As our second feature volunteer this week, I’d like to introduce you to Krista Frohlich of Frohlich Rollins Frolich. Krista was called to the bar in 1998 and has been practicing family law exclusively since that time. We chatted with Krista to share with you a little bit about her and some of her favourite memories of volunteering for LESA.

Please share with us a little bit about your background; your education, family, work?

I graduated with a BA and LLB from the University of Alberta, but spent a semester in second year law school at the University of Wollongong in New South Wales, Australia (and taught tennis while I was there, which was fun!).

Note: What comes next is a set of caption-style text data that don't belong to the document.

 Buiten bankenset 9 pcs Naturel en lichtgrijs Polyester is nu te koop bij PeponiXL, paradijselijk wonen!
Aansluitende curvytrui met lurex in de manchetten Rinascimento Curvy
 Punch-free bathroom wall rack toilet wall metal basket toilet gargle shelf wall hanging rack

After articling with Field Law and then practicing for a year with Balbi & Company in Calgary, I became an associate with Frohlich Rand Kiss, and then partner in 2004 with Frohlich Rollins Frohich.  I am actively involved in the legal community and have volunteered as a Child Support Resolutions Officer/Meditator with Alberta Justice in addition to my long list of activities involving CPLED and live seminars put on by LESA.

You have been a loyal supporter of LESA. What makes you want to volunteer?

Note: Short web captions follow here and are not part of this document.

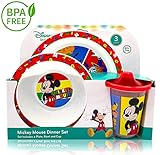 Disney Classic Mickey Baby Toddler Utensil Dinnerware Dish Feeding Set Gift Box including Break Resistant Bowl, Dish Plate, Tumbler Cups - Safe BPA free, Easy to Clean, Perfect Gifts for Kids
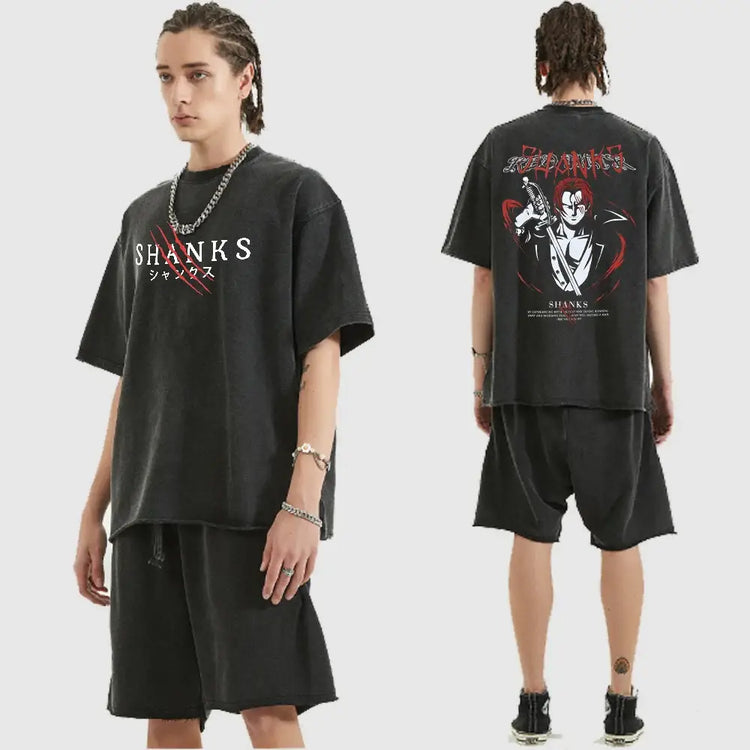 Conqueror’s Scar Oversized Tee – Shanks One piece Vintage Washed Graphic Shirt | Zenith Threads Co. T-shirt by Free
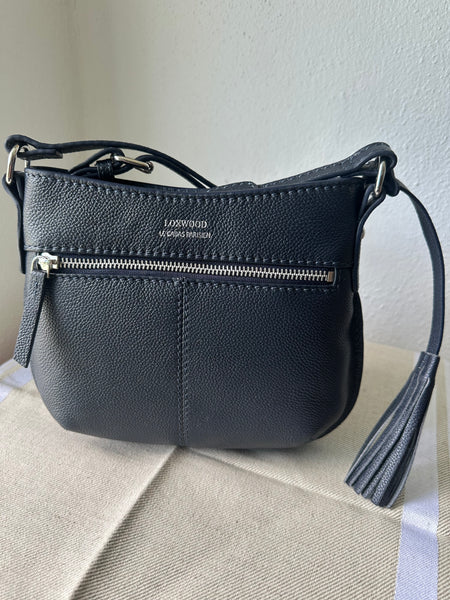 Mini Celia Crossbody Saddle Bag by Loxwood "le Cabas Parisien" in "Midnight blue"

I enjoy the camaraderie with other lawyers and getting to know some follow organizers/panellists through the volunteer process.  I would not have the chance to get to know some other fellow lawyers in other Alberta centers without having volunteered with LESA.  Volunteering also sharpens my research skills and always results in me learning more about some area of the law which I can then put to practical use.  Plus it is a great resource in developing a “go to” database of people you can contact to ask questions when you are not sure of an area or issue.  I also think it is important as lawyers gain experience in their chosen area of practice to give back to the legal community by volunteering at law or non-related events, and mentoring less experienced or younger lawyers.  It is also a valuable experience to the lawyer to do so.

What motivates you?

Learning new skills and approaches to solving problems motivates me.  Learning motivates me.  The one thing about Family Law is there are so many areas of the law you have to have some knowledge of – corporate matters, criminal law, immigration law, creditor/debtor matters, landlord/tenant, etc.  The learning never stops.  Just when you’ve think you’ve seen something entirely unusual and strange, then something else comes along!  What motivates me and what I enjoy the most are the people I’ve met and relationships I’ve gained because of my involvement in the legal field.  A few of my fellow lawyers have become good friends after hotly contested files with them. I’ve also developed friendships with some of the Courthouse staff and LESA staff as well.  When you’ve assisted a client through a difficult time and the matter has been resolved or concluded, that is also a satisfying moment.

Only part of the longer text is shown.